--- COLLECTED MATERIAL ---

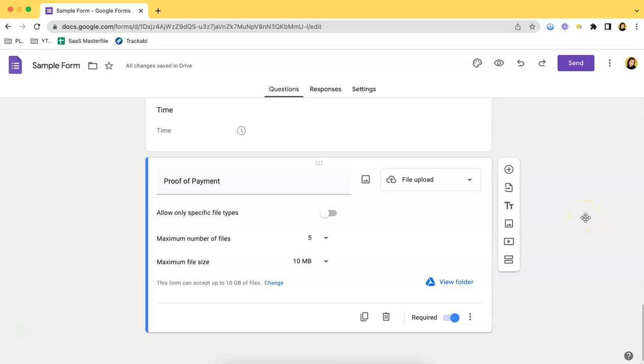Hello everyone, it's Elle from TeamUpform once again, and for this video I will be talking about the file upload option in Google Forms.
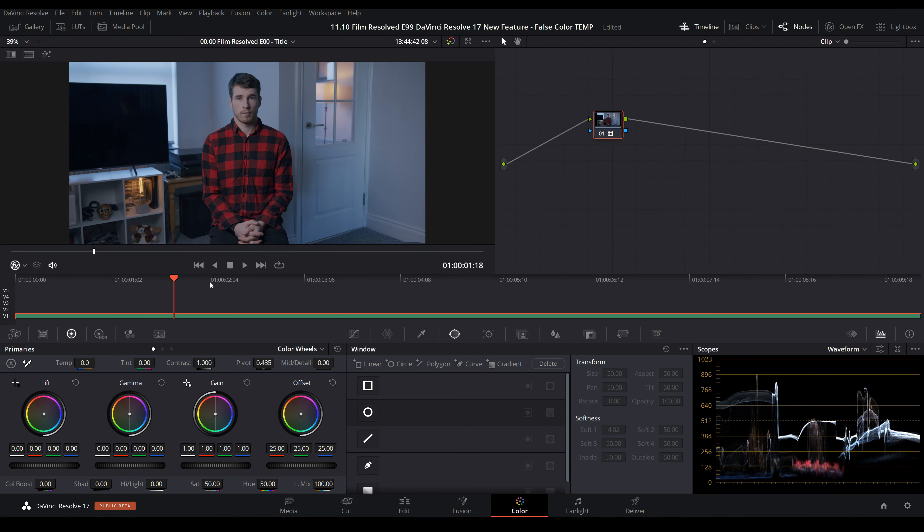Hello and you are very welcome back to Film Resolved. Today's episode is a really quick unscheduled video because I'm really excited about this new feature that was just released with the beta of DaVinci Resolve 17.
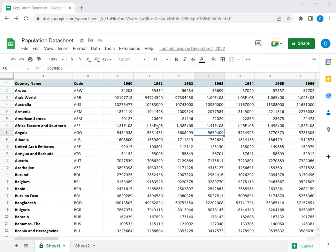Google Sheets does not have the provision to assign a password to protect a Google Sheet, but you can achieve the same effect by restricting the users who can access the Sheet.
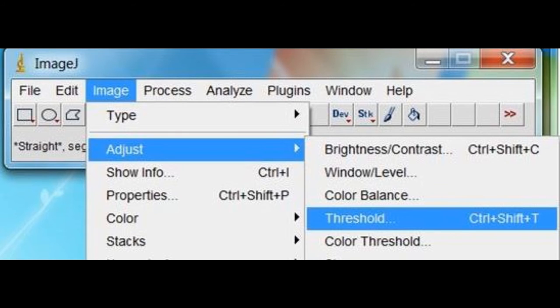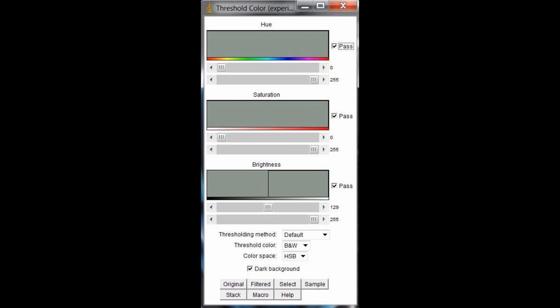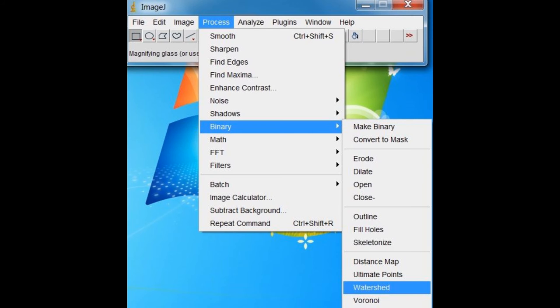At first the particles within the threshold will appear red. Adjust the brightness to include the particles you desire. When ready, click Apply. Then go to Process Binary, Make Binary to turn the image into a black and white one.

---

__PROMPT__
Please print everything in the material exactly, apart from the pictures.

__ANSWER TO THE PROBLEM__
Hello everyone, it's Elle from TeamUpform once again, and for this video I will be talking about the file upload option in Google Forms.
Hello and you are very welcome back to Film Resolved. Today's episode is a really quick unscheduled video because I'm really excited about this new feature that was just released with the beta of DaVinci Resolve 17.
Google Sheets does not have the provision to assign a password to protect a Google Sheet, but you can achieve the same effect by restricting the users who can access the Sheet.
At first the particles within the threshold will appear red. Adjust the brightness to include the particles you desire. When ready, click Apply. Then go to Process Binary, Make Binary to turn the image into a black and white one.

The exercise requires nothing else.